User Experience is a Friend of SEO; Do NOT Ignore It
If you represent a small business, chances are that you have outsourced both web development and search engine optimization (SEO) to other firms. While there are firms that provide development and SEO both, others specialize in either of the two.
In any case, it is important that the UX designer (from the web design and development team) works closely with the SEO campaign manager.
Who Is Your Website’s UX Designer?
Not all companies have dedicated UX designers. If that is the case, you need to identify the professional (in the web design & development team) who is most responsible for overall architecture and user experience of your small business website.
This person creates wireframes (upon which the final designs are created), prepares the sitemap, decides on the navigation, performs testing and lays down the overall strategy for a fine user experience.

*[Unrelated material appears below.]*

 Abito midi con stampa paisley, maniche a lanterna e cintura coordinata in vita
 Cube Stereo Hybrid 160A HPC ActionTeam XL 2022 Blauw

Put Your UX Designer in Touch with the SEO Campaign Manager
Ask your SEO campaign manager to prepare a keyword map. This keyword map should indicate the comparative importance of different pages on your website.
Technically, the UX designer should know which pages or sections in particular are important (and how much) in terms of SEO.
Such pages can be made readily available via the navigation panels or displayed intelligently in different portions of the page.
SEO campaign manager should also make it a point to study the wireframes during the production stage. There are some design elements such as drop-down menus involving heavy use of java-script and others that aren’t considered healthy for search engine optimization. The campaign manager can ask the UX designer to come up with more SEO-friendly design elements before wireframes are moved to design production stage.
Doing so will not only save on the development costs in the long run but also help ensure that the SEO campaign moves forward at the required pace. Moving back and forth in design or development area while an SEO campaign is ON, is not a good idea at all.
User Experience (UX) can be a great friend to SEO. You just have to make sure that the two get along easily.